Pour se rendre "intéressante" aux yeux de la police, mais aussi pour faire apparaître
son affabulation plus "véridique", la jeune femme a lié son agression supposée à deux
éléments tellement dans l’air du temps qu’ils sont apparus évidents à tous: actes
antisémites et jeunes des banlieues, croix gammées et origine maghrébine, la relation
entre les deux éléments ne pouvant être que la seconde Intifada et sa réception dans les
milieux d’origine arabe. Venant quelques mois après le débat autour du voile, que
l’anthropologue Emmanuel Terray a qualifié d’"hystérie collective", et quelques
jours seulement après la publication d’un rapport des renseignements généraux qui décrit
des "quartiers ghettoïsés" en proie au "repli communautaire", cette
"affaire" nous dit une fois encore combien la société française considère la
constellation banlieue-jeunes-islam comme un monde à part auquel sont immédiatement
associées des représentations de violence, d’intolérance, de communautarisme.
Lorsque la vérité a été connue, le préfet de Paris, comme du reste bien d’autres
acteurs politiques, a pris le parti de dire que, même s’il y avait certes en l’occurrence
affabulation, il se produisait de toute façon chaque jour des actes identiques qui
méritaient la plus grande sévérité. Si ce n’était eux, c’était donc leurs frères, ou
quelques-uns des leurs. Plutôt que d’invoquer cette raison du plus fort, des journalistes
ont eu le courage de présenter des excuses aux "jeunes issus de l’immigration".
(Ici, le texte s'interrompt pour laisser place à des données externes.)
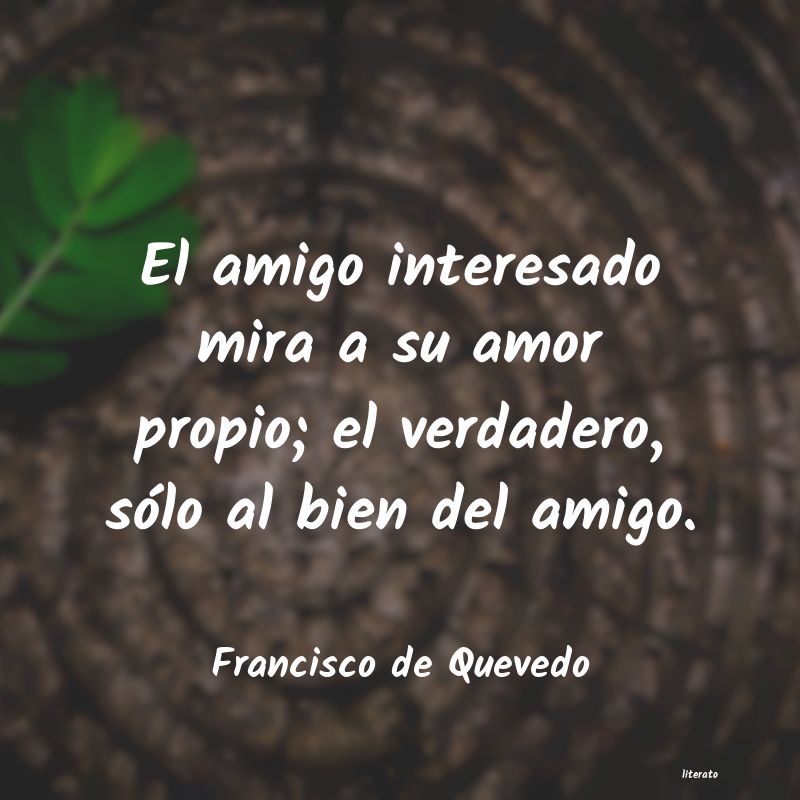 Frases de Francisco de Quevedo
Peut-être ne faut-il pas en attendre autant des responsables politiques. Qu’au moins
leurs discours et leurs actions soient cohérents. Les paroles du chef de l’Etat appelant
à la "vigilance" contre "les actes odieux et méprisables qui salissent notre
pays" sont les bienvenues. On s’étonne pourtant de l’entendre parler de "nos
compatriotes juifs ou musulmans ou tout simplement des Français", comme s’il y avait
des manières différentes d’appartenir à la communauté nationale. Et l’on se demande aussi
pourquoi, si la volonté politique est sincère, le dispositif de lutte contre les
discriminations raciales par lequel ces actes pouvaient être nommés, dénoncés, jugés
parfois, est depuis deux ans pratiquement enterré.
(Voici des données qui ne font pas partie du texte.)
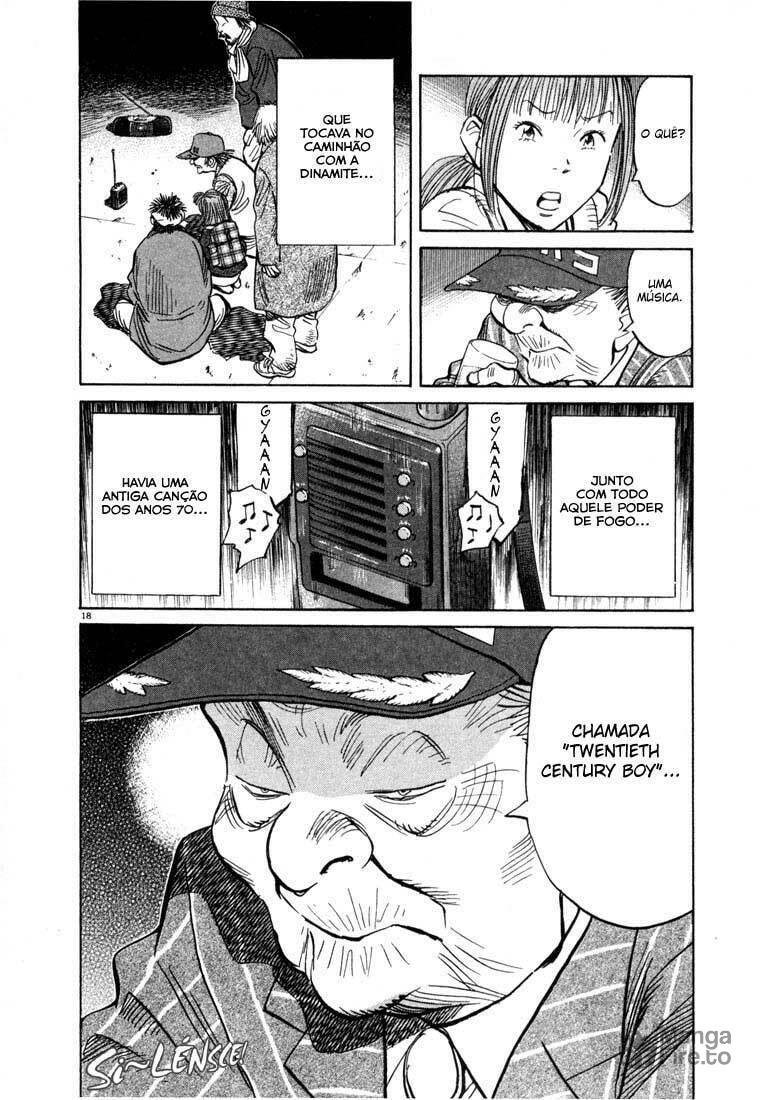 Read 20th Century Boys pt_BR Manga Online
A bien y regarder, ce sont deux politiques qui se dessinent. L’une, médiatisée,
s’attache aux seuls faits les plus spectaculaires, mettant en scène une indignation
consensuelle. L’autre, en creux, ignore la violence ordinaire de l’inégalité raciste, qui
s’exerce au quotidien dans le travail et dans le quartier et que l’on peut méconnaître
tant qu’elle ne se retourne pas contre le reste de la société. Les réactions à l’épisode
du RER relevaient de la première. Les Français injustement accusés doivent se contenter de
la seconde. Il n’est pas trop tard pour leur montrer que nous sommes encore capables de
tirer lucidement les véritables leçons de cette pénible hystoire.
Didier Fassin est professeur de sociologie à l’université paris-xiii,
directeur d’études (anthropologie) à l’ehess.